## Caption-style text data

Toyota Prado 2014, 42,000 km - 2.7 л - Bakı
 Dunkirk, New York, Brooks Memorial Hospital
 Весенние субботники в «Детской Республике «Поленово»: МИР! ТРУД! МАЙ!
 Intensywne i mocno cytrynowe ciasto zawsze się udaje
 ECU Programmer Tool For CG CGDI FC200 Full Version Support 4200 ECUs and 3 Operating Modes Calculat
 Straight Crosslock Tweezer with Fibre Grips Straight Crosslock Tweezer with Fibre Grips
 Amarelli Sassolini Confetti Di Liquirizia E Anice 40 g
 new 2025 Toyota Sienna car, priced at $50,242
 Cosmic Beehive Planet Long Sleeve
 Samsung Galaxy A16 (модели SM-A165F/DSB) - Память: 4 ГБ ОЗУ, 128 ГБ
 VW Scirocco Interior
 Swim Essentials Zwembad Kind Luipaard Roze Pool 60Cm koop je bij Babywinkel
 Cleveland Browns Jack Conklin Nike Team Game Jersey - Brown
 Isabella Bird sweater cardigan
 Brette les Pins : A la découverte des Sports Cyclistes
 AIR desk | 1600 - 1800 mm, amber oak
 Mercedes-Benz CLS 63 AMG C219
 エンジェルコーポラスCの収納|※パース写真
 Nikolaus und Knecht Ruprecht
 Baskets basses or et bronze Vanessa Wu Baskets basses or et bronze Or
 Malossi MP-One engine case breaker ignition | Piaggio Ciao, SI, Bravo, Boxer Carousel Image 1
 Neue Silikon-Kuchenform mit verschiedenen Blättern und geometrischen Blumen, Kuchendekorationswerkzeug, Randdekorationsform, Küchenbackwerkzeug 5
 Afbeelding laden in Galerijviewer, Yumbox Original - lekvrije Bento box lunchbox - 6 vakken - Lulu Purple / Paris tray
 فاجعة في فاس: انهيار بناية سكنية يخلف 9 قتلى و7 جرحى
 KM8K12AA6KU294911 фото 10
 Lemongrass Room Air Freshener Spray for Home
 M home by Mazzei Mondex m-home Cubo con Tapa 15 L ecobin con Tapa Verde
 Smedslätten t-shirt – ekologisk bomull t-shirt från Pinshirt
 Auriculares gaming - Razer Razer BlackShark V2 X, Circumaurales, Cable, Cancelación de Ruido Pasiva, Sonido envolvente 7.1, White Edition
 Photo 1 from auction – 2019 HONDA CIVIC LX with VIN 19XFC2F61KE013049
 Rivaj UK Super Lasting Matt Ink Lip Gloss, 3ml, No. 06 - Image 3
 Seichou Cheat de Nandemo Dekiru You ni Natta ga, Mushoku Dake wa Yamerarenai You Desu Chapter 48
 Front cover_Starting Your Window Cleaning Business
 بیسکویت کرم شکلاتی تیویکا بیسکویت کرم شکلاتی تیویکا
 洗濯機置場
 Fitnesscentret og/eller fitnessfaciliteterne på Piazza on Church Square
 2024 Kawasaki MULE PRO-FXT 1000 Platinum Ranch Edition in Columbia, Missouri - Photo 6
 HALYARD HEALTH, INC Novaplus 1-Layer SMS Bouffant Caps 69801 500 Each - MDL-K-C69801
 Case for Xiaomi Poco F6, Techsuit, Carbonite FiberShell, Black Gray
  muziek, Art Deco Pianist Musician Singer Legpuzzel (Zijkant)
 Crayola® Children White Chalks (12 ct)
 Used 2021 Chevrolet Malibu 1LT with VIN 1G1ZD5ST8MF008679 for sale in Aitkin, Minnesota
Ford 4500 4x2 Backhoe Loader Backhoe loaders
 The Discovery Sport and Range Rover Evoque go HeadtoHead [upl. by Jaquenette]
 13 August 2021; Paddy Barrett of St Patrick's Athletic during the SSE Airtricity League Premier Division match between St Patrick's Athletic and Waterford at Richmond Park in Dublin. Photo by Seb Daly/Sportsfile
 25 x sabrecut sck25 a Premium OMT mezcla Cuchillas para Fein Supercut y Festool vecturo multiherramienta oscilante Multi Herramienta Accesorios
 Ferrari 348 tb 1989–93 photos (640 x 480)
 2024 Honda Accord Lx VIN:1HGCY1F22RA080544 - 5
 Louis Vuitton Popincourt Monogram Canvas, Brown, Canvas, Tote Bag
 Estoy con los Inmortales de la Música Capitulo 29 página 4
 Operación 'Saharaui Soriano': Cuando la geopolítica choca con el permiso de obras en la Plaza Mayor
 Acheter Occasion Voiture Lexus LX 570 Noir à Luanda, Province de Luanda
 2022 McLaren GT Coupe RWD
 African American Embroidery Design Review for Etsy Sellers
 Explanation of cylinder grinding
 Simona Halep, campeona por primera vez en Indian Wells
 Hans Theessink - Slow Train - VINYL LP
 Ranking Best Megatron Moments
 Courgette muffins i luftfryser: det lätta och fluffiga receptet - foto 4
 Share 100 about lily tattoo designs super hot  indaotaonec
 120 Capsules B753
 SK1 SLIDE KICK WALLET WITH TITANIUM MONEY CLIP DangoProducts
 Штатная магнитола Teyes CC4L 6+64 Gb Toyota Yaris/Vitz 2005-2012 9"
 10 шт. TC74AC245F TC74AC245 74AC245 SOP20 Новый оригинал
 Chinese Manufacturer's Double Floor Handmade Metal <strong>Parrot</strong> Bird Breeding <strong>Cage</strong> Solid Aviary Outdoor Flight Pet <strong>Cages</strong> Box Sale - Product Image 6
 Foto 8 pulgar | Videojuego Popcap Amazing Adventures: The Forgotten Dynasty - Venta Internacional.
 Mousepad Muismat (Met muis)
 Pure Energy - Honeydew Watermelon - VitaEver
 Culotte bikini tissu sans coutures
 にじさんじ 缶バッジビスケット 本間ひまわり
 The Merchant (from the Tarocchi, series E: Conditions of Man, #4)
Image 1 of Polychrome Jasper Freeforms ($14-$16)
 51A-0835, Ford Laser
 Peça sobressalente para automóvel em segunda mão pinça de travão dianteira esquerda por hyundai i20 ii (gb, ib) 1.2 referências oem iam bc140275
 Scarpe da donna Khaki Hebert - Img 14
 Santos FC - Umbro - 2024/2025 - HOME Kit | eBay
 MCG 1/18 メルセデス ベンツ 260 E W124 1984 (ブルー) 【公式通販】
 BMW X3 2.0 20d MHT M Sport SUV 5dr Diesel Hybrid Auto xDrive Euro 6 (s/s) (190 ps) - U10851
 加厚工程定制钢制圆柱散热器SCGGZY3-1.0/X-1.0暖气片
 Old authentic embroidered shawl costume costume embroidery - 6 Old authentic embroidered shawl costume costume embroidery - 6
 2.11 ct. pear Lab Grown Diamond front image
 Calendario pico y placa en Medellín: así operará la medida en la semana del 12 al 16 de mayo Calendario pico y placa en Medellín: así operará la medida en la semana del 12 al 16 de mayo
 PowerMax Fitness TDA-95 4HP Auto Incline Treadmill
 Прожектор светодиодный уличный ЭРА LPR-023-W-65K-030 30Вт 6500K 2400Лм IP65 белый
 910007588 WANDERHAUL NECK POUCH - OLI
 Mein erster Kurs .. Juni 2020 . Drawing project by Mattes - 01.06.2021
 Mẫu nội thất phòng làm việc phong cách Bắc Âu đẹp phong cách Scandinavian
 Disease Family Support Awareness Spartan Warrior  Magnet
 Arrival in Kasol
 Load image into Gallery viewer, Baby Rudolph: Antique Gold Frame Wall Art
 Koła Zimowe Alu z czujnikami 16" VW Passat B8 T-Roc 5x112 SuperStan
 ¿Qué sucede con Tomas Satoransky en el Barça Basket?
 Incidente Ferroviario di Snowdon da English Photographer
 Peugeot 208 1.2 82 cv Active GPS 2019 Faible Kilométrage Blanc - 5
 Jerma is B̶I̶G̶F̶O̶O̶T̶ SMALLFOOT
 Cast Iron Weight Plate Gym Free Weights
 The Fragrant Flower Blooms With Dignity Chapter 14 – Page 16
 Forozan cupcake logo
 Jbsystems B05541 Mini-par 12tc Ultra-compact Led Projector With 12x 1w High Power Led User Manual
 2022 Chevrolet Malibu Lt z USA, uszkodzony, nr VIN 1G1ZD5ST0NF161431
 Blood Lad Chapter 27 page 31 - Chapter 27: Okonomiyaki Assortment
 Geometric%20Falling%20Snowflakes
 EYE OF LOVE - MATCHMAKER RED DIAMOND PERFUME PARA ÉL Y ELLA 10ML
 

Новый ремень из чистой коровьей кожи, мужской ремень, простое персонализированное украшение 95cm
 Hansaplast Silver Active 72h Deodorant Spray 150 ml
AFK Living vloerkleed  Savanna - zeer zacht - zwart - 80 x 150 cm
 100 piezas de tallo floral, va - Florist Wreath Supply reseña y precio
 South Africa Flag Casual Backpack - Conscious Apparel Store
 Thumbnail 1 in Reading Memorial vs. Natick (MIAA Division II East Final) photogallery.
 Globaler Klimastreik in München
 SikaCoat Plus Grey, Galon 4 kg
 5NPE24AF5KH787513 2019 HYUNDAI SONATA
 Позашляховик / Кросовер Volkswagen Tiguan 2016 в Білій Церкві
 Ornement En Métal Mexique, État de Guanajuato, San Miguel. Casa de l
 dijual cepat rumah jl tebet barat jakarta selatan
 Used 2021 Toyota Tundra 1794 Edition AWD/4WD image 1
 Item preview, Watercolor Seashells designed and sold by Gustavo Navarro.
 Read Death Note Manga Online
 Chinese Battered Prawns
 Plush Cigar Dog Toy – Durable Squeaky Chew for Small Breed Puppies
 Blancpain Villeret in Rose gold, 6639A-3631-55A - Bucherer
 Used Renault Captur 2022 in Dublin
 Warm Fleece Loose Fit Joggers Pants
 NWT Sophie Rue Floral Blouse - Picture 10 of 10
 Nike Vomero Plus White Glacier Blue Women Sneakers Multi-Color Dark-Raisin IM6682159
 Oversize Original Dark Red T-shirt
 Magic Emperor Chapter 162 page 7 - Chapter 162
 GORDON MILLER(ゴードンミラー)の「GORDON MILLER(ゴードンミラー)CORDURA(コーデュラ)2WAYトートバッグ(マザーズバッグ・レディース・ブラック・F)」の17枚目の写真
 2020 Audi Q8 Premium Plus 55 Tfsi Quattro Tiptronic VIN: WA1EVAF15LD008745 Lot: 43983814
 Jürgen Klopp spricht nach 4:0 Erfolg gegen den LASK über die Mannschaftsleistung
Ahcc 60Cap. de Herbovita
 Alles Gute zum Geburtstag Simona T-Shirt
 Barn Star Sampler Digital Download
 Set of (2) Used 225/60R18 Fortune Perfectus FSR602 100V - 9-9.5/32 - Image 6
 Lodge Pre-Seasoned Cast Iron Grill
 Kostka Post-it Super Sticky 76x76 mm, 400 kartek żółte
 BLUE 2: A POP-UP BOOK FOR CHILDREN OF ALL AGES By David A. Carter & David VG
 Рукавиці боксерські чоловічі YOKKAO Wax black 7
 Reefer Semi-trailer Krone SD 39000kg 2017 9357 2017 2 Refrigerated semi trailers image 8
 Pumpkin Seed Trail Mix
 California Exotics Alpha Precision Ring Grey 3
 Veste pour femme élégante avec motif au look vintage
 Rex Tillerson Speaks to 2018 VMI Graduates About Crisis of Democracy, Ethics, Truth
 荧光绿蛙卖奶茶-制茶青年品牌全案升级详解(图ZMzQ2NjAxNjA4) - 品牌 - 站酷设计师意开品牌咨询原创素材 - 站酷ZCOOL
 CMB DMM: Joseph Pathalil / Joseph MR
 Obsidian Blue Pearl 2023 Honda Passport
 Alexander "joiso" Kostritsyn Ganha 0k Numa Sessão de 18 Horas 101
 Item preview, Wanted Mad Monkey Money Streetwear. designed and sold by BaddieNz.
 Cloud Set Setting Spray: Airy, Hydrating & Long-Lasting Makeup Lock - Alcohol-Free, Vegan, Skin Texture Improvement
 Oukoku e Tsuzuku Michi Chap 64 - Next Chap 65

## Task details
Among the records, find every line holding the word "Toyota" and copy it.

## Reply to the task
Toyota Prado 2014, 42,000 km - 2.7 л - Bakı
 new 2025 Toyota Sienna car, priced at $50,242
 Штатная магнитола Teyes CC4L 6+64 Gb Toyota Yaris/Vitz 2005-2012 9"
 Used 2021 Toyota Tundra 1794 Edition AWD/4WD image 1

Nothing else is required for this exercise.